Data provided.
[Start of section]

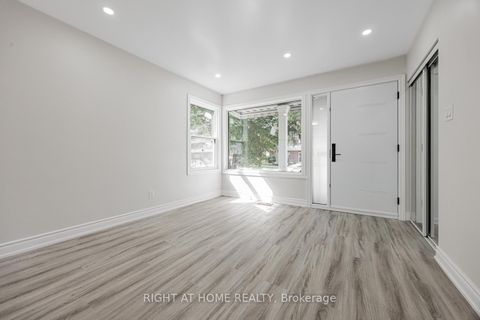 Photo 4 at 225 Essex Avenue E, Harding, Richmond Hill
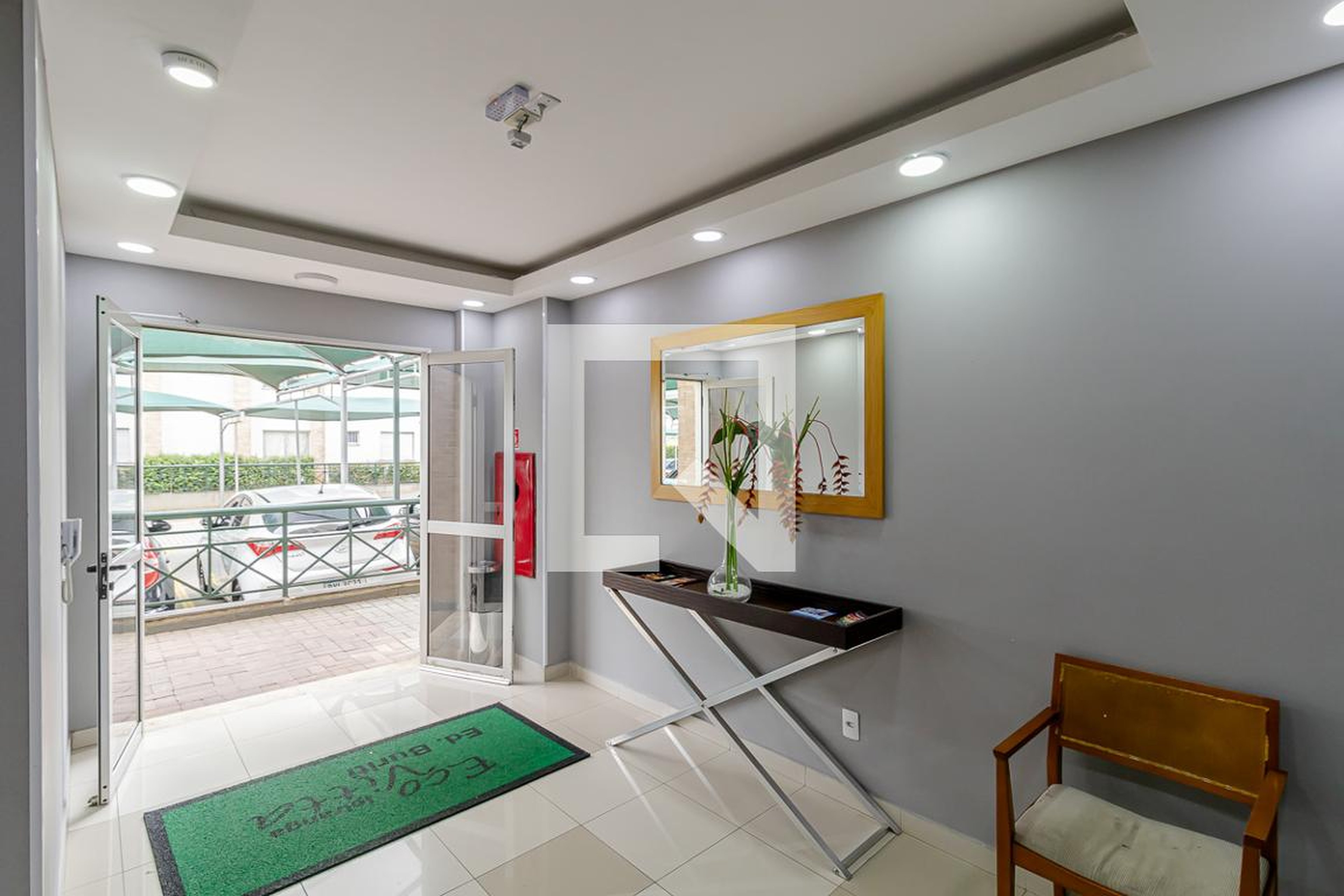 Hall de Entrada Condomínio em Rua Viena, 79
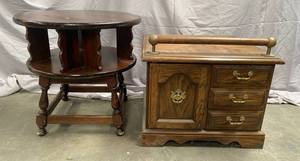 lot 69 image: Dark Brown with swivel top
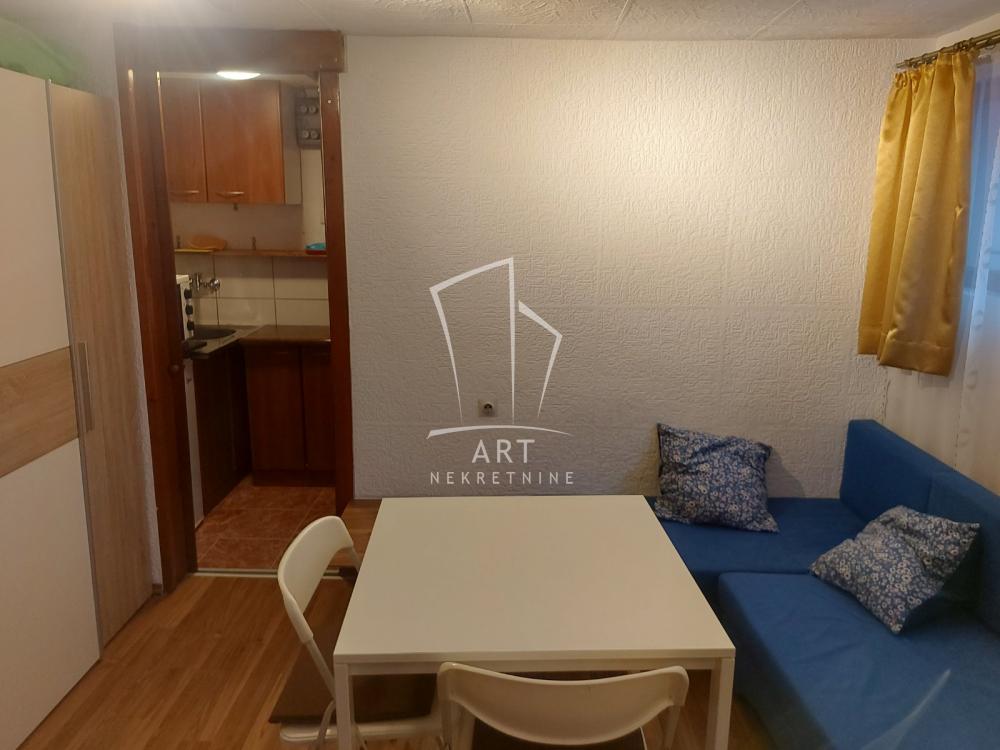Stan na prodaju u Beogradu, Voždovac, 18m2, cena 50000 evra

[End of section]
[Start of section]

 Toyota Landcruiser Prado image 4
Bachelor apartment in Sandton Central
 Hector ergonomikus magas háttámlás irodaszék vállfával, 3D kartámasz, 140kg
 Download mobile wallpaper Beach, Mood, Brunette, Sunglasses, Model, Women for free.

[End of section]

Brief. Give the exact lines, and only those, from the line containing "Hector ergonomikus magas" through the line containing "Download mobile wallpaper" in the entries above.

Response.
 Hector ergonomikus magas háttámlás irodaszék vállfával, 3D kartámasz, 140kg
 Download mobile wallpaper Beach, Mood, Brunette, Sunglasses, Model, Women for free.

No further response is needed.